Des lots de laits pour nourrissons commercialisés par Nestlé et Babybio font l’objet d’un rappel en Belgique. Les autorités sanitaires évoquent la présence d’une toxine bactérienne. Des centaines de boîtes sont concernées et plusieurs circuits de distribution sont touchés. Ce retrait s’inscrit dans une série d’alertes sanitaires à l’échelle internationale.

Le groupe Nestlé a annoncé le retrait de deux lots de son produit Nan Optipro 1 (boîte de 800 grammes), utilisé pour l’alimentation des nourrissons. Il s’agit des lots numérotés 53370346AA et 53380346AA, dont la date de péremption est fixée au 31 décembre 2027. Ces produits ont été écoulés en pharmacie, sur des sites de vente en ligne, ainsi que dans plusieurs chaînes de distribution en Belgique.

Dans le même temps, la société Vitagermine, qui commercialise la marque Babybio, procède au retrait du Caprea 1 (également boîte de 800 grammes), destiné aux tout-petits. Le lot concerné porte la référence 899014, avec une date limite d’utilisation fixée au 28 juillet 2027. Ce lait infantile a été distribué entre novembre 2025 et janvier 2026, via des enseignes telles que Medi Market et le site Newpharma.be.

Ces retraits ont été décidés en coordination avec l’Afsca (Agence fédérale pour la sécurité de la chaîne alimentaire), qui appelle les consommateurs à cesser l’utilisation des produits concernés et à les rapporter en magasin.

Un risque lié à la toxine céréulide

La mesure a été prise en raison d’un risque de présence de céréulide, une toxine bactérienne produite par certaines souches de Bacillus cereus. Cette molécule est connue pour provoquer des troubles digestifs, notamment vomissements, nausées et diarrhées. Bien que les rappels soient préventifs, cette substance peut entraîner des symptômes sévères chez les jeunes enfants, population particulièrement sensible.
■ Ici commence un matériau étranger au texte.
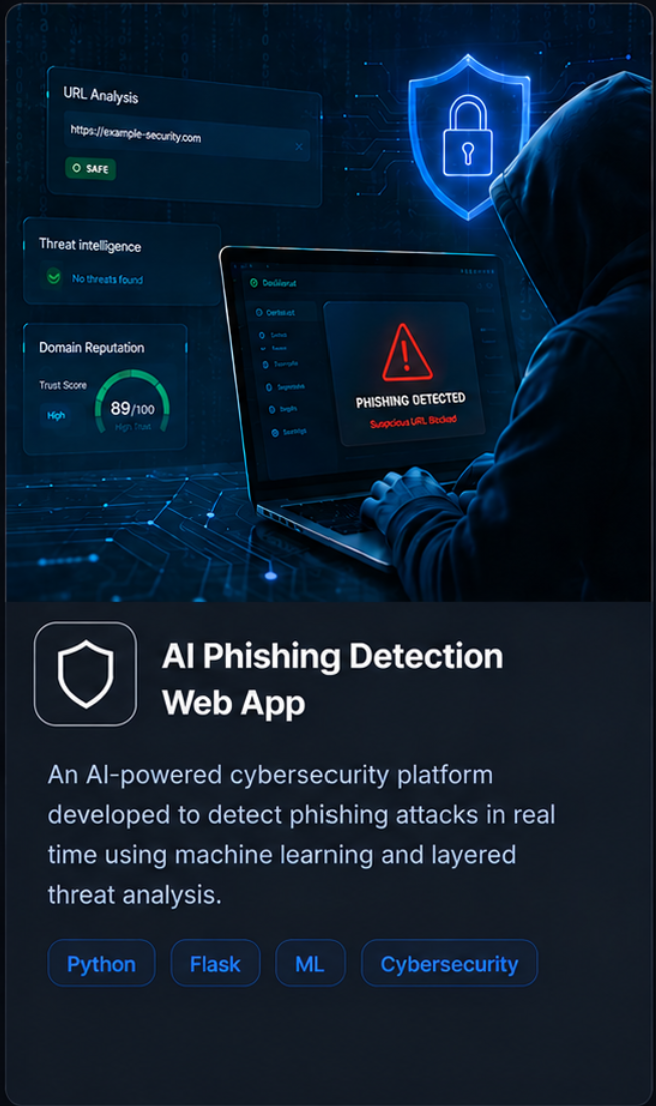 AI Phishing Detection Web App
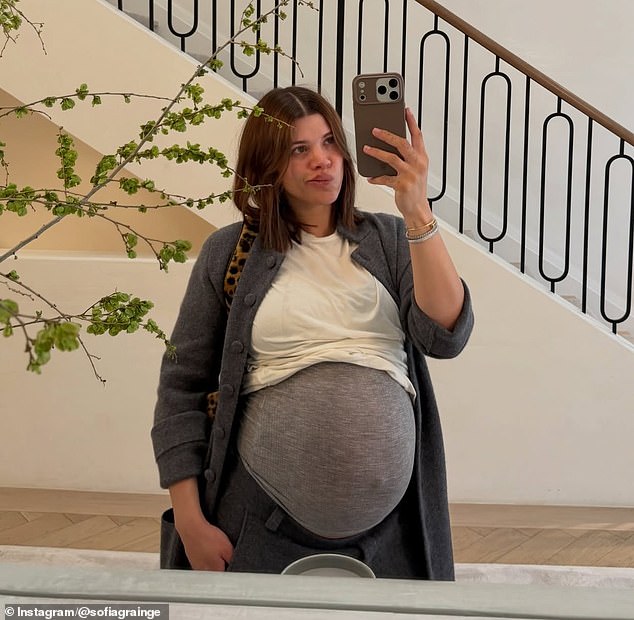 Sofia Richie, 27, has welcomed her second child. The happy news was shared on Wednesday on Instagram as it was added that the baby was born on March 18; seen on March 11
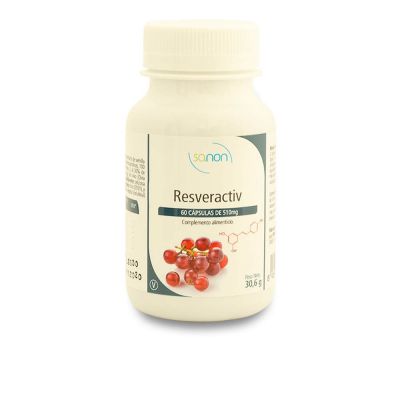 SANON resveratrol 60 cápsulas de 510 mg
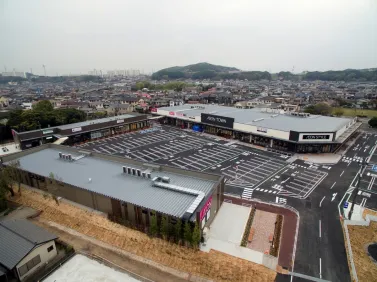 【イオンタウン君津(キッチンカー)】キッチンカーの出店に適したショッピングセンター内のイベントスペース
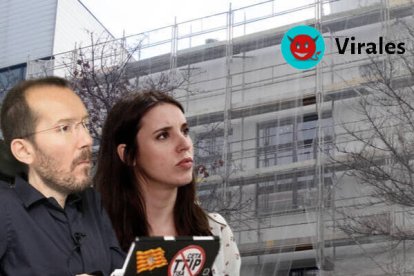 Pablo Echenique ha salido escaldado de su defensa del feminismo versión Irene Montero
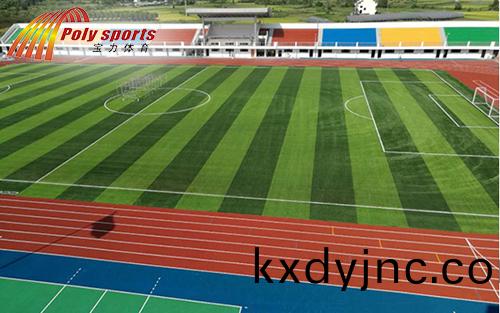 學校假草皮足毬場施(shi)工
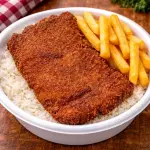 Bife à Milanesa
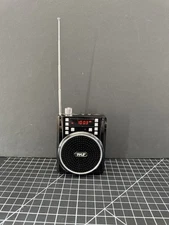 Pyle PWMA40BT  Portable PA System Mic, Fm Radio, mp3/USB, Aux-in/out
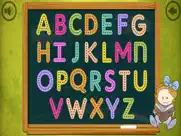 learning writing abc books - dotted alphabet ipad images 2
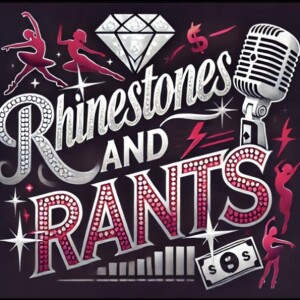 It’s officially ONE WEEK until the launch of Rhinestones and Rants! 💎💬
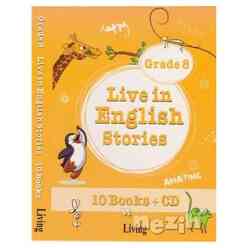 Living Yayınları - Live in English Stories Grade 8 - 10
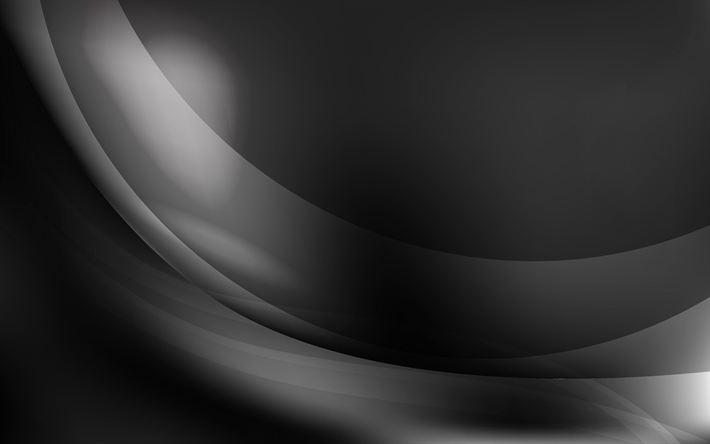 les vagues noires, abstraits, vagues, fond noir, cr&#233;ative, les vagues de la texture, des vagues de fond, de l&#39;art abstrait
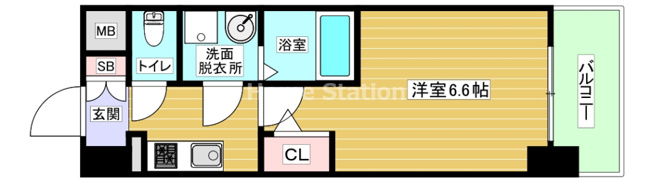 【間取り】 | エスリード大阪梅田WEST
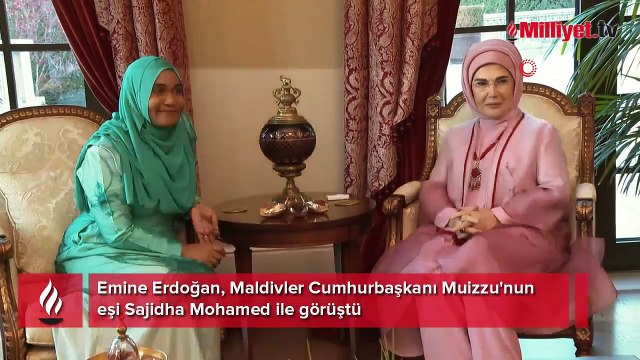 Emine Erdoğan paylaştı! Sajidha Mohamed Küresel Sıfır Atık İyi Niyet Beyanı’nı imzaladı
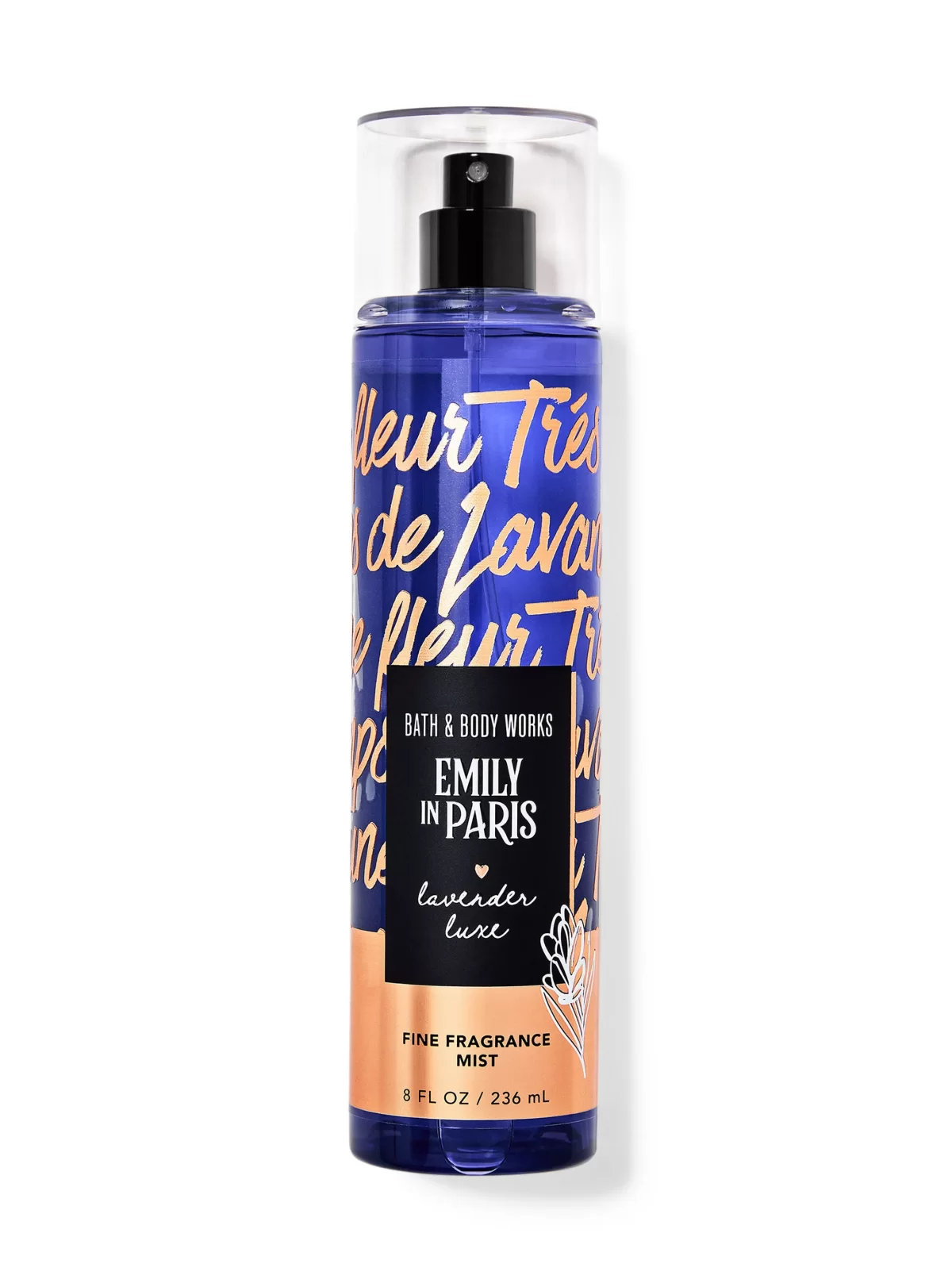 BBW - Emily in Paris Lavander Luxe Body Splah 236ml - Imagem 1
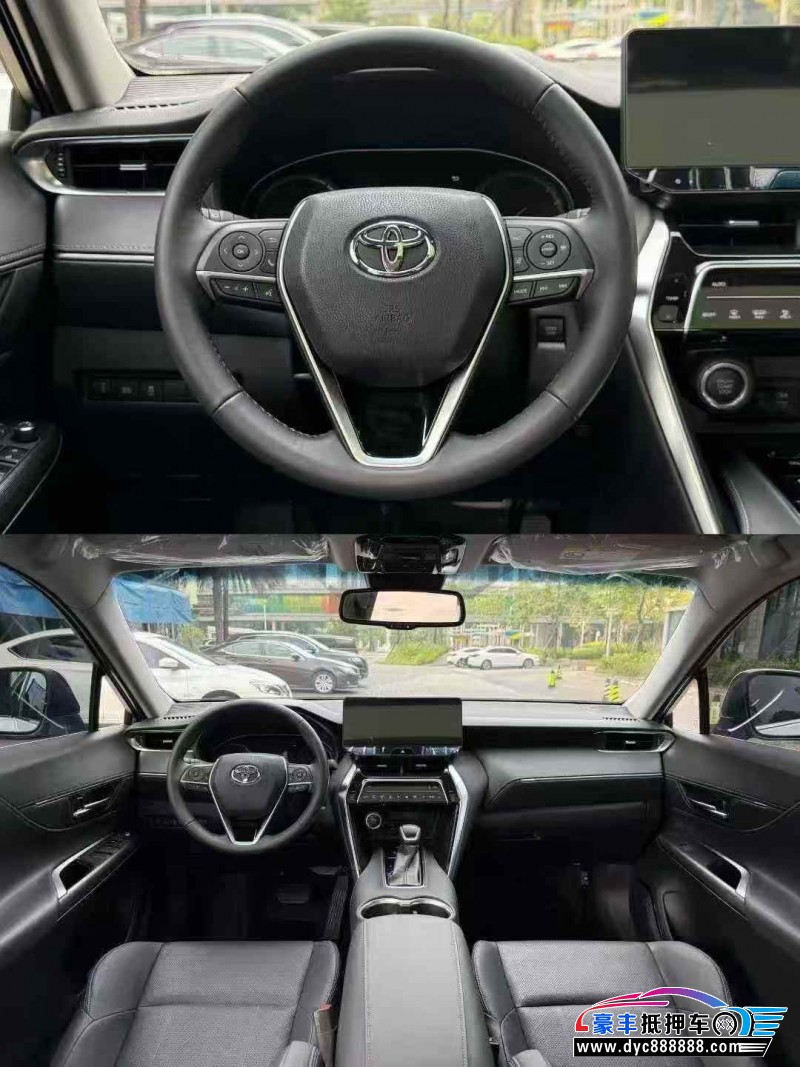 24年丰田凌放轿车抵押车出售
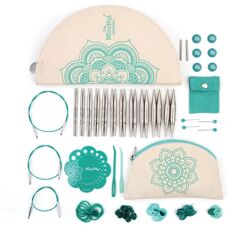 Knitpro Warmth Kreisnadel-Set - Austauschbare Stricknadeln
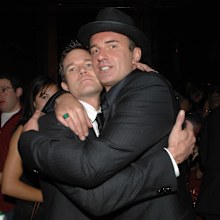 Dylan Walsh and Julian McMahon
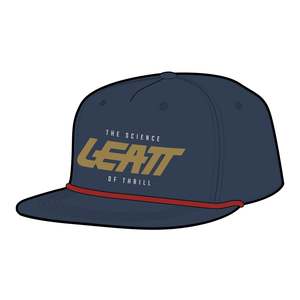Casual Hats Caps: Leatt Retro Cap - Denim Blue (S-XL)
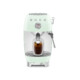 SMEG ESPRESSO KÁVÉFŐZŐ COLD BREW FUNKCIÓVAL, retro, világoszöld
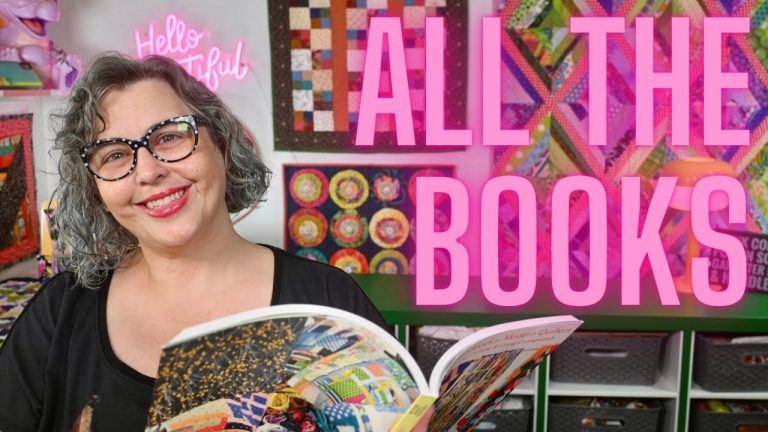 All the BEST Quilting Books: Supercut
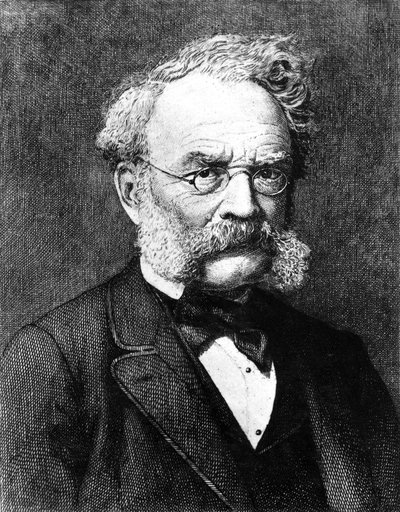 Ernst Werner von Siemens, ingegnere elettrico e inventore tedesco, c 1880 da Unbekannt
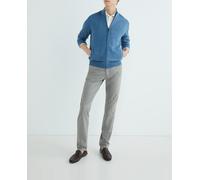 Pierre Cardin Pierre Cardin - Pantalón 5 bolsillos estructura de hombre. Gris claro Talla 32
Les analyses en laboratoire n’ont pas encore confirmé la présence effective de cette toxine dans les lots rappelés. Il s’agit d’un principe de précaution appliqué face à une suspicion de contamination détectée lors de contrôles qualité.

Une alerte sanitaire de grande ampleur

Depuis décembre, plus d’une soixantaine de pays sont concernés par des rappels massifs de laits infantiles liés à ce même risque. En plus de Nestlé, les marques Danone (Gallia, Blédilait) et Lactalis (Picot) ont également procédé à des retraits dans plusieurs marchés. Cette situation met en lumière la vulnérabilité du secteur de la nutrition infantile face aux contaminations microbiologiques, malgré des normes de sécurité rigoureuses.

L’industrie agroalimentaire est soumise à une pression croissante pour renforcer ses protocoles de contrôle.

Surveillance renforcée et prudence des consommateurs de laits pour nourrissons

Les autorités belges rappellent l’importance de vérifier les numéros de lot et les dates de péremption des produits utilisés. En cas de doute, il est recommandé de contacter le point de vente ou de consulter le site de l’Afsca, qui publie régulièrement les mises à jour des produits concernés. Ces rappels relancent le débat sur la traçabilité des aliments infantiles et la fiabilité des chaînes de production.

Pour les familles, la prudence reste de mise, alors que la confiance dans les grandes marques est mise à l’épreuve.